Pattern-specific verbs — apply_dodge_burn, apply_eye_lift, apply_skin_uniformity. Rejected because it expands the tool surface combinatorially. Each new pattern surfaced by future research adds another verb. The narrow MCP surface is a feature (ADR-033) — N verbs that are special-cases of one batched verb violate that. The first verb you add ("dodge/burn") is fine; the third you add reveals the pattern.

Transactional brackets — begin_batch(image_id) / apply_primitive ... / end_batch(). Rejected because: (a) it introduces transactional semantics that don't otherwise exist in the MCP surface — every other tool is one-call-one-effect; (b) the agent has to reason about an open transaction, which is a new failure mode (what if the agent forgets to close, what if a render call lands mid-batch, what does get_state return mid-batch); © snapshot atomicity becomes a question (one snapshot per batch? one per call inside a batch?). Genuinely simpler to make the batched call atomic-by-construction.

Mixed-op batched verb — same shape but each region carries its own primitive_name. Rejected for v1.10 (deferred). The single-primitive restriction above covers the 7/12 dominant case (dodge/burn) cleanly. Mixed-op batching opens questions about cross-op ordering inside a batch, parameter-shape uniformity (different ops have different parameters), and how log/diff summarize a heterogeneous batch. Worth a follow-up RFC after we have v1.10 evidence on whether mixed-op batches actually recur in practice or whether agents just emit two single-op batched calls in sequence.
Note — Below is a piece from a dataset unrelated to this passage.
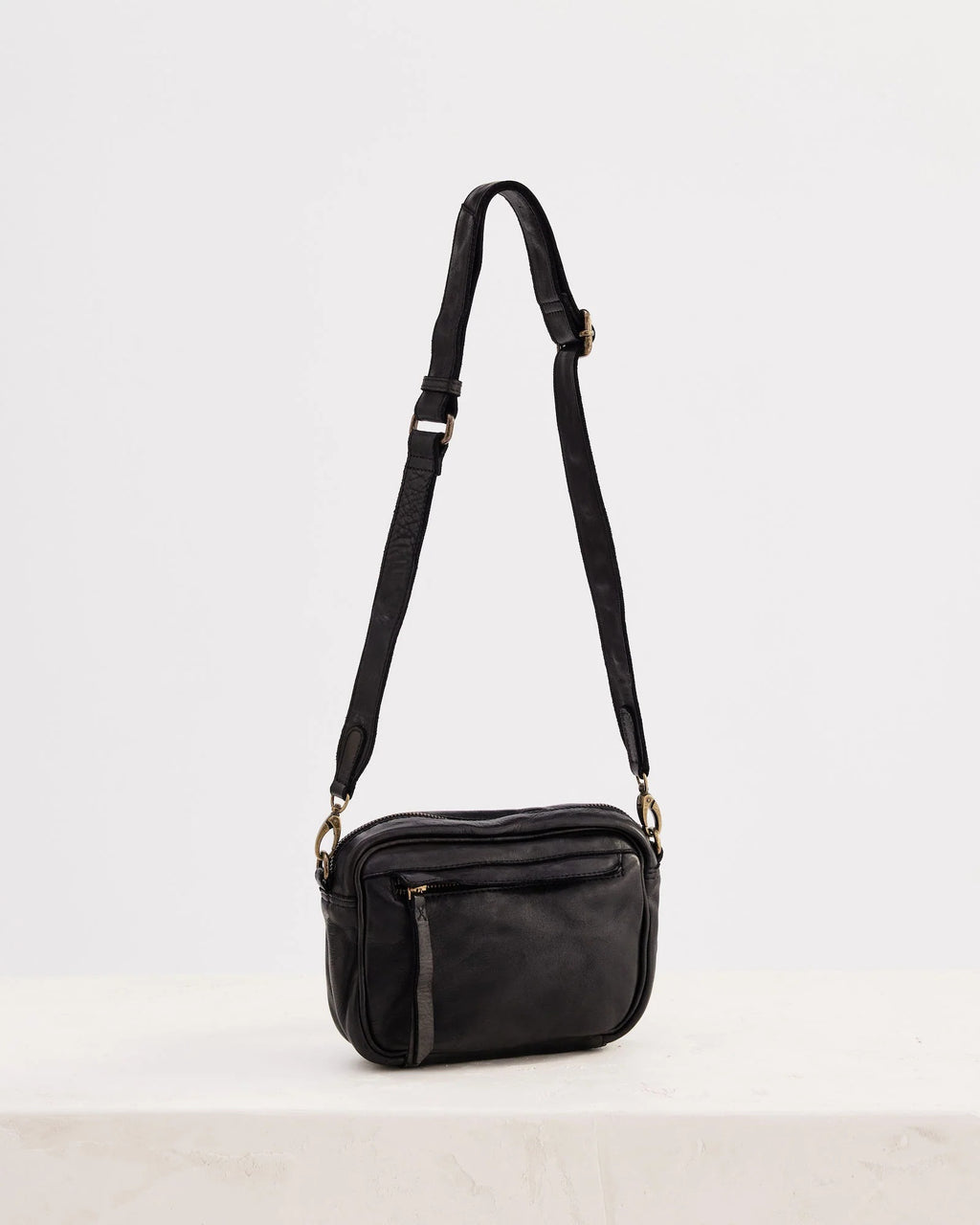 Juju & Co Camera Crossbody Black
Make apply_primitive itself accept an optional regions parameter. Rejected because it overloads a tool that's currently one-region-or-no-mask, and it makes the simple case visually noisier (every existing call site has to confront whether to batch). Cleaner to ship the batched form as a sibling verb (the apply_spot precedent — RFC-025/ADR-087 added a sibling verb rather than overloading apply_primitive).

Trade-offs

  • +1 MCP verb — but the alternatives are worse (N pattern-specific verbs, or transactional state). The narrow-surface discipline takes the +1 hit because it prevents the +N hit later.
  • Single-primitive restriction — the eye-detail and skin-spot patterns still take 2-3 batched calls instead of 1. Acceptable tradeoff for v1.10; revisitable if mixed-op patterns recur strongly in subsequent genre research.
  • Snapshot semantics — N regions in one snapshot mean rolling back a single bad region requires either a manual edit or a full revert. This is the same discipline that already applies to a single apply_primitive call with a complex mask: if you don't like the mask, revert and reapply. Photographers conceive these as atomic moves, so atomic rollback is correct.
  • Op-log payload schema change — the structured regions payload is a new shape. Tooling that parses op-log entries (currently: log MCP tool, diff) needs to handle it. Surface area is small; localized to two tools.

Open questions

  1. Parameter validation across regions — the parameterized vocabulary contract (ADR-079) hard-rejects out-of-range parameter values. Do we hard-reject the whole batch if any region is out of range, or partially apply the valid ones? Proposal: hard-reject the whole batch (atomic semantics) — but worth confirming.
  2. Mask-spec normalization — drawn masks per ADR-084 have content-addressed mask hashes; if the same mask shape appears in two regions of one batch, do we deduplicate the stored mask bytes? Proposal: yes (existing mask deduplication already handles this; should fall out for free).
  3. Empty-batch handlingapply_per_region(image_id, primitive_name, regions=[]) — error or no-op? Proposal: hard error. There's no semantically meaningful empty batch; an agent emitting it has a bug.
  4. Maximum regions per batch — soft limit? Real photographers max out at ~15-20 regions per dodge/burn pass; an agent emitting 200 regions in one batch is almost certainly broken. Proposal: soft cap at 32 with an error message rather than silent truncation; revisit if real workflows hit it.

How this closes

One ADR closes this RFC:

  • ADR-NNN — apply_per_region MCP verb + op-log payload shape — formalizes the verb signature, the single-primitive restriction, the atomic-batch semantics, the op-log structured payload, the empty-batch / out-of-range / soft-cap behaviors. Amends TA/contracts/mcp-tools to add the verb.
  • TA/contracts/mcp-tools (this is the modification surface)
  • TA/components/synthesizer (uses existing apply_with_mask helper)
  • TA/components/mcp-server (adds the verb)
  • Related: RFC-029 / ADR-084 (mask spec shape), RFC-024 / ADR-085 (parametric range masks), RFC-025 / ADR-087 (sibling-verb precedent — apply_spot), RFC-021 / ADR-079 (parameter_values arg shape)
  • Source survey: docs/photographer-workflows-survey.md (gap rank #1, 7/12 cross-genre recurrence)